Even more so now: investors, barely over the market-roiling mixed messages out of last weekend’s supposed tariff detente between President Donald Trump and Chinese counterpart Xi Jinping fretted anew Thursday at the arrest in Vancouver of Meng Wanzhou, the chief financial officer of Huawei Technologies Ltd.
Huawei, of course, isn’t just any tech firm. It’s China’s largest mobile phone maker, the crown jewel in Xi’s national IT ambitions, a privately held juggernaut with projected 2018 sales of more than $102 billion (U.S.) that has already overtaken Apple in smartphone sales and has Samsung squarely in its sights.
And Meng isn’t any old executive; the daughter of Huawei founder Ren Zhengfei, she’s described in some circles as “corporate royalty” in China. On TV and social media, commentators likened her arrest to the detention in China of a Mark Zuckerberg sibling or a cousin of Steve Jobs.

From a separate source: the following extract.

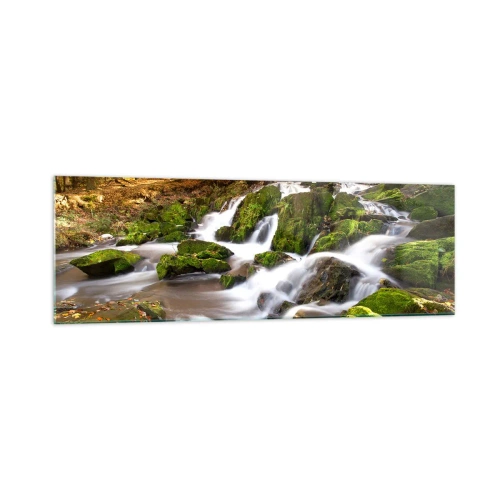 Glasbild - Bild auf glas - Eine bewaldete Landschaft mit einem von Moos umgebenen Wasserfall - 160x50cm - Rasch durch den herbstlichen Wald - Moderne Wanddekoration für Wohnzimmer und Schlafzimmer ARTTOR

Authorities in Canada, who detained Meng at the direction of the U.S., were tight-lipped, citing a publication ban requested by Meng herself.
In Washington, Department of Justice officials also refused to comment. But The Wall Street Journal has reported that U.S. authorities are investigating Huawei for possible violations of U.S. sanctions on Iran.
Trade experts warned against tying the arrest too closely to the trade tensions.
“I don’t think it’s in anyone’s interests to conflate the two,” said Patrick Leblond, an international trade expert and senior fellow at the Centre for International Governance Innovation. After all, the Chinese can hardly point fingers when it comes to detaining people from other countries, he added.
“This is something that the Chinese do too, and I know on the Canadian side we’ve tried to keep these things separate, so for now, I would expect it would remain like that. But who knows?”
It’s been a busy week for those trying to chart the status of America’s relationship with China.
Trump went into the G20 summit last weekend looking to extract concessions from his greatest trade rival. He was convinced that China is a global trade cheat, stealing U.S. technology or strong-arming foreign companies into handing it over, then building it into products that it sells it back to American consumers.
He emerged confident that he’d won a 90-day truce, but markets were not persuaded — especially after his famous “Tariff Man” tweet that threatened to ramp up the punitive levies that he and his supporters are convinced comprise a win-win strategy that brings billions of dollars into U.S. coffers.
Canada has already suffered from the trade friction, especially because of steel and aluminum tariffs imposed by the U.S. in the name of preventing Chinese exports from trickling through leaky borders into the United States.